What you have to do: Without including any picture, repeat the records below exactly.

Data excerpts:
BEGIN

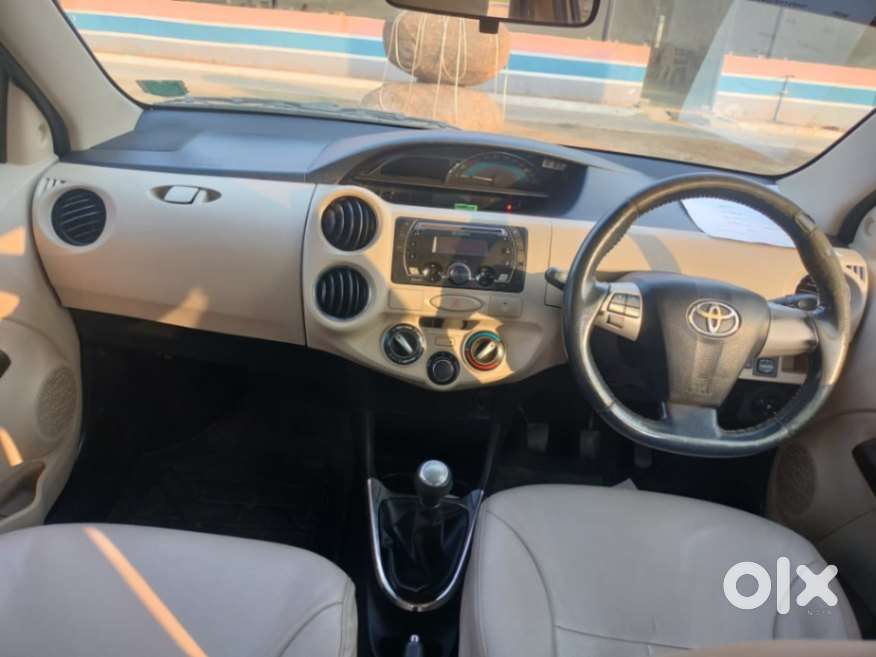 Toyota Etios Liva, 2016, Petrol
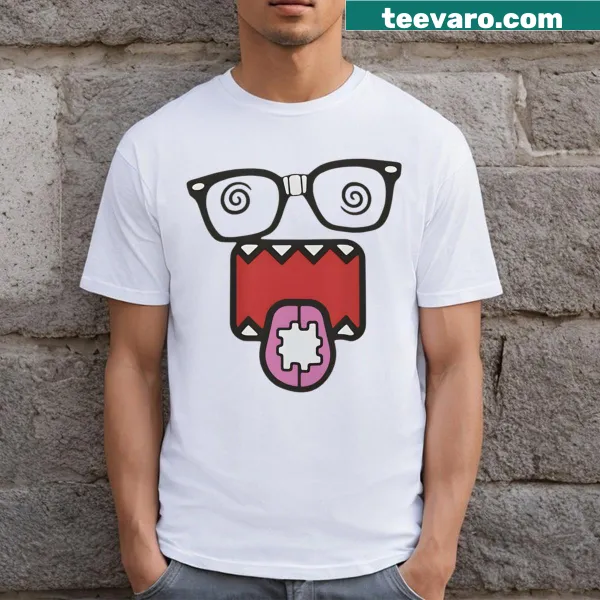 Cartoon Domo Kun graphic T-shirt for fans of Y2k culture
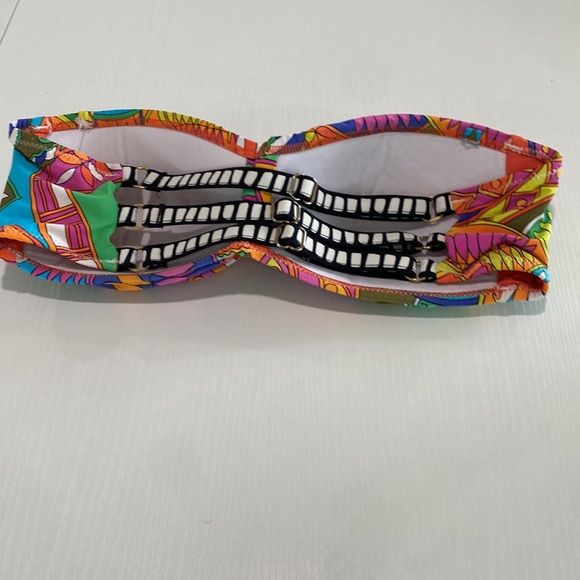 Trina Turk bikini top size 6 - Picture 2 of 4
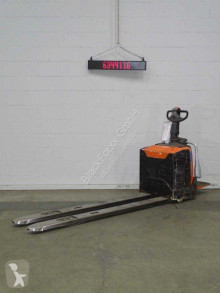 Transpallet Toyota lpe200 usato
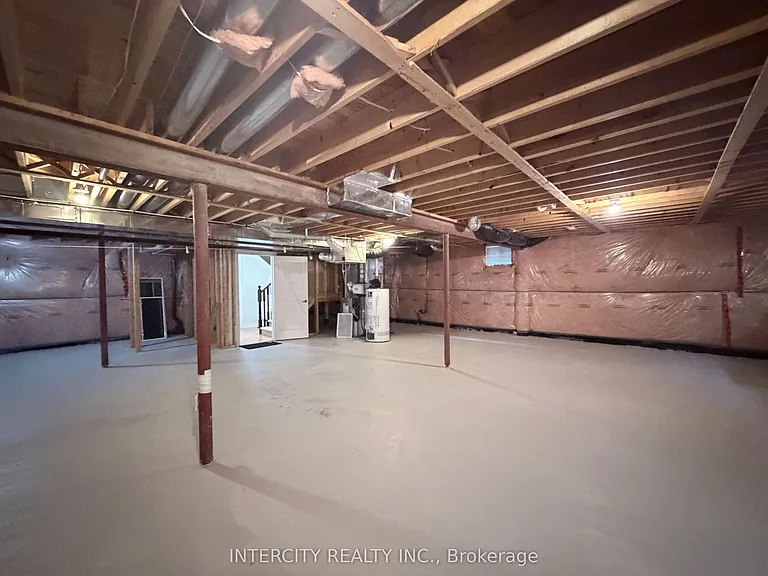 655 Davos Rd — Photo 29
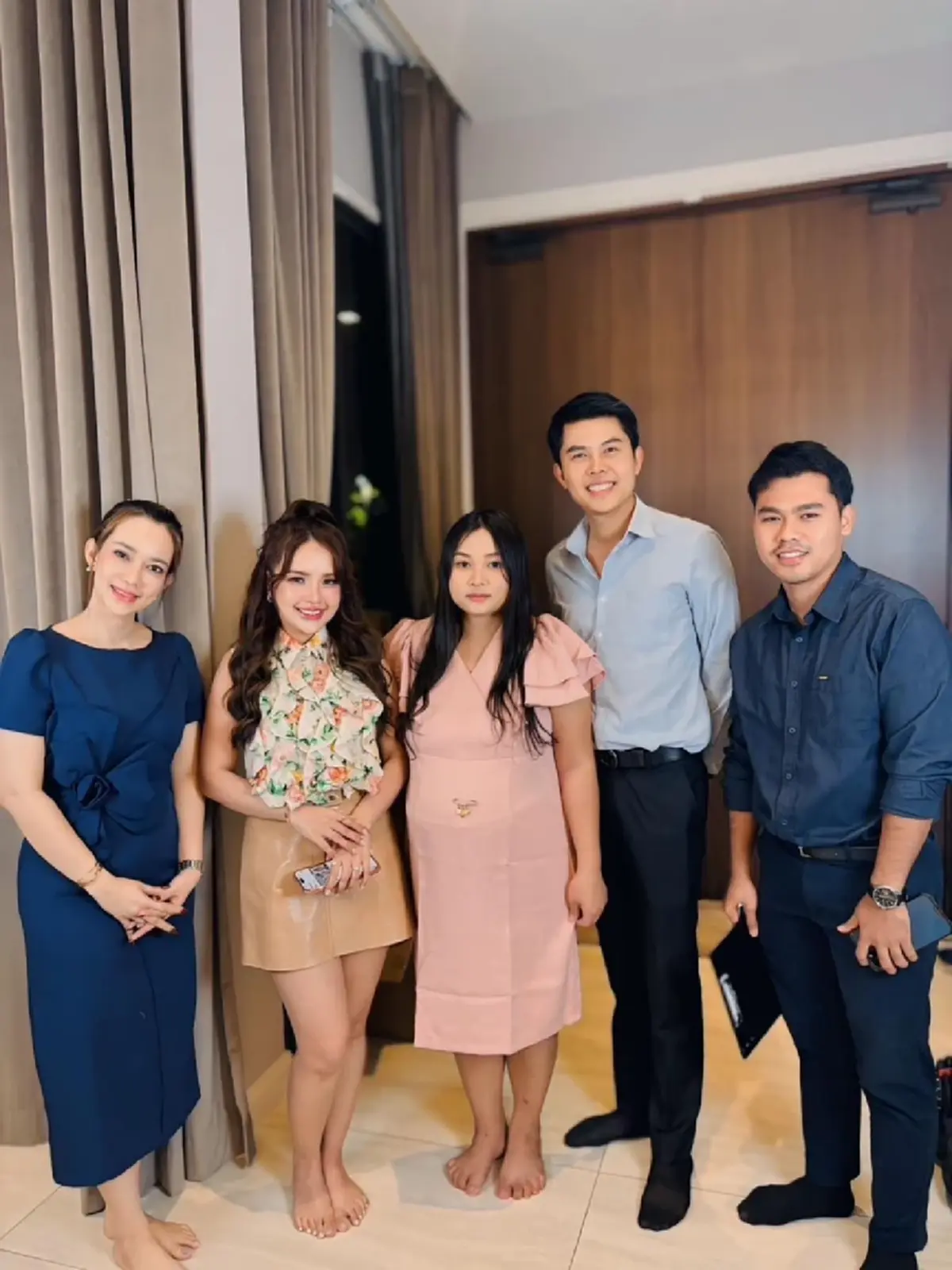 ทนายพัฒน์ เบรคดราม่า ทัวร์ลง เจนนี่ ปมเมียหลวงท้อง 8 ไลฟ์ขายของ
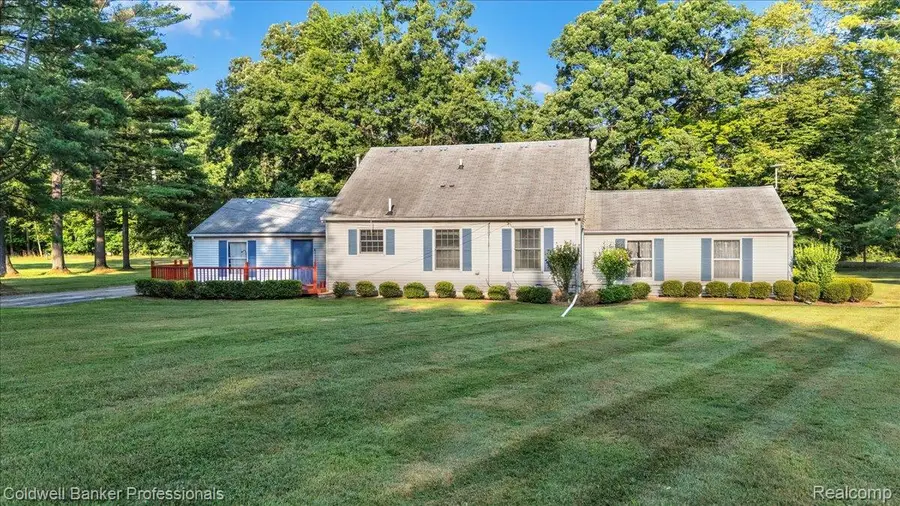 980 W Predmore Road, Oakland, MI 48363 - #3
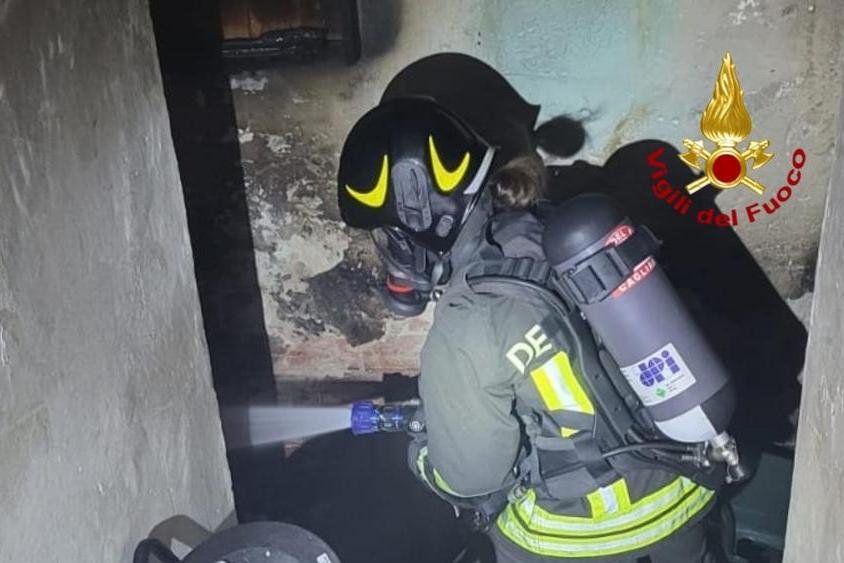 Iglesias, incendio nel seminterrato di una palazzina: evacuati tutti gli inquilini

END

Answer space:
 Toyota Etios Liva, 2016, Petrol
 Cartoon Domo Kun graphic T-shirt for fans of Y2k culture
 Trina Turk bikini top size 6 - Picture 2 of 4
 Transpallet Toyota lpe200 usato
 655 Davos Rd — Photo 29
 ทนายพัฒน์ เบรคดราม่า ทัวร์ลง เจนนี่ ปมเมียหลวงท้อง 8 ไลฟ์ขายของ
 980 W Predmore Road, Oakland, MI 48363 - #3
 Iglesias, incendio nel seminterrato di una palazzina: evacuati tutti gli inquilini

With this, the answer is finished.